CBGB (Directed by Randall Miller)

It's not often for me that a movie meets expectations so exactly but this is one. I should have known. Those ubiquitous T-shirts commemorating the place being worn in their millions (hey - I owned one in the '80s before it was cool) and that scary story, just after it closed, that the place was destined to be relocated to Las Vegas. Plus, there's Foo Fighter in it. Despite best intentions, "CBGB" is the "Waterworld" of punk rock biopics. It is a train crash. It tells the story of Hilly Krystal (played by Alan Rickman), the owner of the world's most renowned musical shit-hole, without any regard to historical facts, chronology, plot, character development or the possibility that its target audience might just have functioning brains. All good cretins go to heaven but sitting through this is hell.

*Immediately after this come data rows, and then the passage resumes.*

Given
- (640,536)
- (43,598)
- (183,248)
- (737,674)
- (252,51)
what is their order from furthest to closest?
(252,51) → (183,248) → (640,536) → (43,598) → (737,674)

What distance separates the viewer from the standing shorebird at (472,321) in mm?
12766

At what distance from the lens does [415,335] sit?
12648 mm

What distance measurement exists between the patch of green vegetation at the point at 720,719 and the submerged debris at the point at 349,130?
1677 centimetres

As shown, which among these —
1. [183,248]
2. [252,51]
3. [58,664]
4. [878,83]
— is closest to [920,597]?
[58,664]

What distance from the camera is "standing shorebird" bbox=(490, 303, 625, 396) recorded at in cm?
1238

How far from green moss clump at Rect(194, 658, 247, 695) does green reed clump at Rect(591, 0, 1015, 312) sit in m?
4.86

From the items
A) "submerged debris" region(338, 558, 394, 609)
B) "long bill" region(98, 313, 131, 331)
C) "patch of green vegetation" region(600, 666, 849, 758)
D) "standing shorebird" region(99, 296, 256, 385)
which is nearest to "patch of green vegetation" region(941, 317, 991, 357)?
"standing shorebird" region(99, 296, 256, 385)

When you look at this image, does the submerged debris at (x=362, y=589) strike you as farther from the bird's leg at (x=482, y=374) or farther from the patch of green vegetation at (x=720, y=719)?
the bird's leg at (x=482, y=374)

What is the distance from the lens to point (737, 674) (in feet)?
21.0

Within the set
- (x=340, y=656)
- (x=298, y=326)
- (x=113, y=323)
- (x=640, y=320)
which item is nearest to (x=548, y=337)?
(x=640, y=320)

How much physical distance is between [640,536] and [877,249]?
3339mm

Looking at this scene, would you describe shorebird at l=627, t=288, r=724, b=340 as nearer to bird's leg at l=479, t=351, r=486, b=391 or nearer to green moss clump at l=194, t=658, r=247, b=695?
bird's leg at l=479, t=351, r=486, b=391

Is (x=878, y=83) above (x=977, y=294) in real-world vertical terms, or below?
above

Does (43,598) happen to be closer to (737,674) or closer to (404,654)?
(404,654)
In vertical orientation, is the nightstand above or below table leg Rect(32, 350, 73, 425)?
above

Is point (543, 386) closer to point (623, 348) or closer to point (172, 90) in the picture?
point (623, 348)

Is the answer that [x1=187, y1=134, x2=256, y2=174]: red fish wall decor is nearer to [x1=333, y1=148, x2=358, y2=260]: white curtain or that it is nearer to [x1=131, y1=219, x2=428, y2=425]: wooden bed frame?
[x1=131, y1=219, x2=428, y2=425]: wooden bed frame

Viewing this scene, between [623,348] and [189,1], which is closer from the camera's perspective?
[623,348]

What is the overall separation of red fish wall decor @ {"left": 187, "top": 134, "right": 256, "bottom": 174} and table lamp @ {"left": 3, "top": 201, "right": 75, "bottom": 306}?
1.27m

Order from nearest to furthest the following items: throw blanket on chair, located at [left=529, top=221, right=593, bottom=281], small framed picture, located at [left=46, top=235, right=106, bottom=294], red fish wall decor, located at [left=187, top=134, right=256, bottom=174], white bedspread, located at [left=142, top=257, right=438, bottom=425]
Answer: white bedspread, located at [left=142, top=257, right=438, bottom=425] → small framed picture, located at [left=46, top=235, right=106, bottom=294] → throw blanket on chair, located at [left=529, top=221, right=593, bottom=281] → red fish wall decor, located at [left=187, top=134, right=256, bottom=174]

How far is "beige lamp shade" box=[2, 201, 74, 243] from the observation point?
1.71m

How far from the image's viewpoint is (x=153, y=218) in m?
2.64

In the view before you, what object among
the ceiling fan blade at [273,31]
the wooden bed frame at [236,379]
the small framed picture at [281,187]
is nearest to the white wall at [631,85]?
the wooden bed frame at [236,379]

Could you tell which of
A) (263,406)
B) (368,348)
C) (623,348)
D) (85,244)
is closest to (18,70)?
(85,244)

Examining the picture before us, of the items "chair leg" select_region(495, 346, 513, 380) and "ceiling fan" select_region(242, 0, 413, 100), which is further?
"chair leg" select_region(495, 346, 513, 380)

You know when you want a biopic to be good so hard it hurts? I was bumming around in London in the '80s when "Sid and Nancy" hit the big screen. I went to see it not once but twice. It wasn't as dire as "CBGB" but it wasn't "Apocalypse Now" either. Gary Oldham as Sid saved it even if the ending was silly and the roles of other people on Vicious' hopeless trajectory were ignored. Oliver Stone's take on The Lizard King ("The Doors") favoured entertainment over fact and deified J.D. Morrison in a way that glossed over his faults. More recently, "The Runaways" was trashy fun. You could put "CBGB" in the "trashy fun" oeuvre - if only it didn't try so hard to be something more.

I wasn't at CGBG in its heyday. I did go there a few times in the '80s. I paid my money and my homage. I pissed in those toilets. I drank Rolling Rock in the shell of a wrecked car in the backyard of the place. I stepped over comatose people on the sidewalk outside at 4am. I even got to see Hilly in situ. So I can't say I knew him or Merv the Bartender or LIsa, his daughter, the other central characters in this, apart from the bands. Hilly might have lucked out by being in the right place at the right time. The truth is that most of the bands that graced the rickety stage were not great. Most were re-hashing meat-and-potatoes rock and roll to try and ride the rather smelly slipstream of what was loosely termed Punk Rock, in the hope that they, too, could be signed by a major label.

So maybe Hilly wasn't a visionary but just a guy who gave a whole bunch of "street rock" (his words) acts some shelter from the storm of mainstream AOR blandness and disco. He certainly believed in originality and did allow a scene to develop (almost) organically. Whatever music emerged from his bar probably grew on him. "CBGB" strives to show all that but falls short. In its story, Hilly is a twice-bankrupted stumblebum with a generous streak but no idea of how to find his dick when he needs to piss. The facts, as they exist on the record from the accounts of other players, are stylised and distorted in a way that detracts from his story. In their rush to cram in cameos by people imitating lots of seminal bands (sometimes well), the filmmakers turn all of them into one-dimensional parodies. No wonder Hilly's ex-wife (who was a big part of the operation) wanted nothing to do with this. Not one Ramones song was harmed in the making of this film (the "band" appears playing a Joey song from one of his posthumous solo albums) although that might be a sign of the ongoing ructions between various ex-members' estates as much as respect for not sullying the collective legacy.

You're asking: 'Who gives a shit if Iggy Pop never duetted with Debbie Harry at CBGB before taking over the place and stage driving into the crowd?' or 'Why should we care if Dead Boys were a four-piece, not a trio, apart from their earliest shows?' Because facts are important. Talking Heads did not arrive at CBGB, fully formed. Television were not overnight sensations. Blondie were originally one step above inept and regarded as The Band Least Likely To Succeed. Debbie is portrayed as a simpering pricktease.

As far as I know (and on this one I care less) The Police did not audition for Hilly in some light bulb moment akin to conversion on the road to Damascus. Who cares if you can shoe horn in a mention of Sting, right, because he was such an important figure in pouting CBGB on the map, right? Maybe they could have shown AC/DC's sole and largely forgotten appearance. That would have broadened the appeal. The Ramones were critical in the Dead Boys coming to NYC. They deserved to be mooned by Stiv in this movie, not some anonymous kid in his mother's car. I could get down and dirty in detail ('90s band stickers on the wall during the '70s; songs that were not written, let alone recorded, appearing at the wrong times) but I'd disappear up my own arse. I should go watch a documentary, I know.

So...Dead Boys rolling a truck while out on the road and Johnny Blitz being stabbed were epochal moments that made Hill Krystal quit his business before a cleansing visit to his family's onetime chicken farm and rediscovering a love for music by playing a song on an acoustic guitar in the barn drives him back? Please Kill Me.

I know Hollywoodification of important stories to turn them into mass market fodder is a commercial inevitability. Ya gotta recoup your outlay somehow. At least Punk magazine gets more than a passing nod in this (John Holmstrom was a consultant but Legs McNeil, notably, was not) and the soundtrack is giving exposure to a bunch of long departed acts to a whole new generation.

"CBGB" is playing as a limited release in US theatres from October 11. Surely, it's heading direct to DVD everywhere else.